What could hurt Deere’s Q4 earnings?
Sluggish top-line growth will likely weigh on Deere’s fourth-quarter earnings. Analysts expect the company’s revenues to increase 2.2% YoY to $8.53 billion in the fourth quarter. Notably, the top-line growth estimate is the second-lowest revenue growth that Deere has recorded in the previous nine quarters. Soft top-line projections reflect a slump in farm equipment demand due to trade uncertainties and weakness in the agricultural sector.
The ongoing trade war between the US and China impacts the overall US agricultural industry. Notably, China imposed a 25% import tariff on several US farm products last year in July. The country also hiked the tariffs on some US agricultural products in September.
China’s tariffs hurt agricultural exports in the US, according to data compiled by the American Farm Bureau. Notably, China makes up approximately 20% of the total US farm product exports. Last year, the US farm product exports to China fell by more than 50% to $9.1 billion from $19.5 billion in 2017. Farm Bureau economists think that the US farm product exports to China could be wiped out entirely this year.
The Chinese tariff heat resulted in a YoY increase of 13% in the loan delinquency rate. According to the Farm Bureau report, “Through June 2019, and over the prior 12 months, there were a total of 535 Chapter 12 bankruptcy filings, up 13%, or 60 bankruptcies.”
China’s trade-related concerns and lower commodity prices have made farmers increasingly cautious about spending on farm equipment. Notably, a strong dollar could weigh on Deere’s fourth-quarter top-line and bottom-line performances. Higher raw material prices could continue to pressure the margins.
Peers feel the trade war pinch too
Deere’s peers are also facing declining revenues and earnings due to the ongoing trade war between the US and China. Last month, Caterpillar (CAT) reported a YoY decline in its third-quarter revenues and profits of 6% and 6.3%, respectively.
AGCO’s (AGCO) third-quarter top-line and bottom-line results fell 4.8% and 9.9%, respectively. CNH Industrial (CNHI) also registered a YoY decline of 11.9% in its third-quarter revenues, while its earnings remain flat YoY.
Why are analysts still bullish on Deere?
Despite expecting dismal fourth-quarter results, analysts are still bullish on Deere stock. The analysts polled by Reuters provided a consensus “buy” rating on the stock. About 57% of the 23 analysts covering Deere stock have a bullish stance. Nearly 39% of the analysts recommend a “hold,” while 4% have a bearish view.

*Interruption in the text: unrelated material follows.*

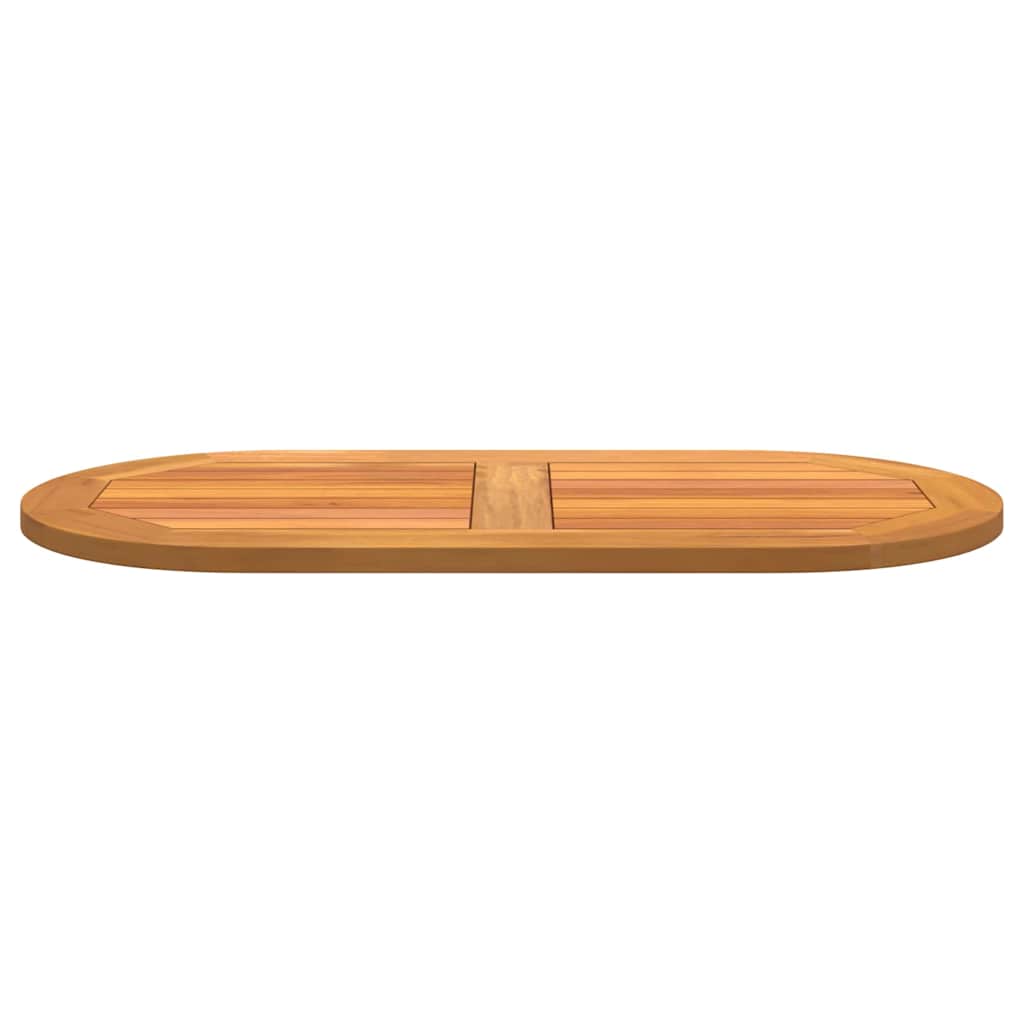 Gornji dio stola Prirodna nafta 90 x 45 x 2 cm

In November, one of the prominent Wall Street analysts upgraded Deere’s rating, while three analysts raised their target prices. On November 10, Melius Research upgraded the stock to “overweight” from “market weight.” In the last two weeks, Citigroup, Deutsche Bank, and UBS raise their target prices 21.2%, 9%, and 12.5%, respectively.

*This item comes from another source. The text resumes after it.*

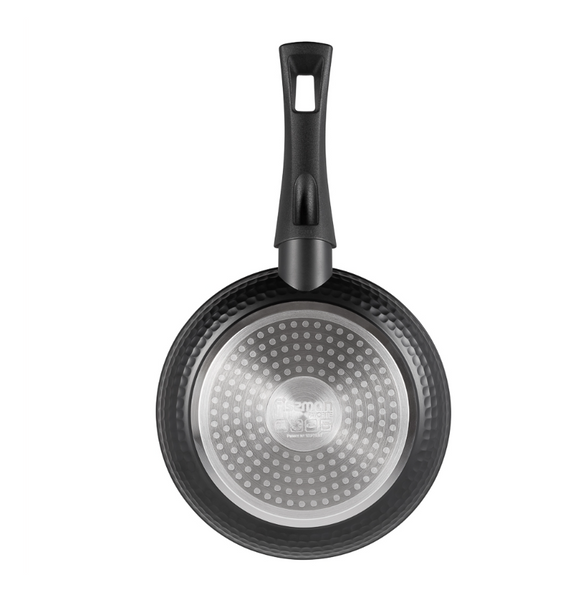 Алюминиевая антипригарная сковорода 24 см с индикатором Favorite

We think that research firms’ rating upgrades and upward target price revisions could be due to positive sentiments about a trade deal between the US and China. According to a Reuters report on October 30, China might remove the tariff on nearly $50 billion worth of US agricultural products. Gradually removing the tariffs would revive the US agricultural industry and spur farmers to invest in farm equipment.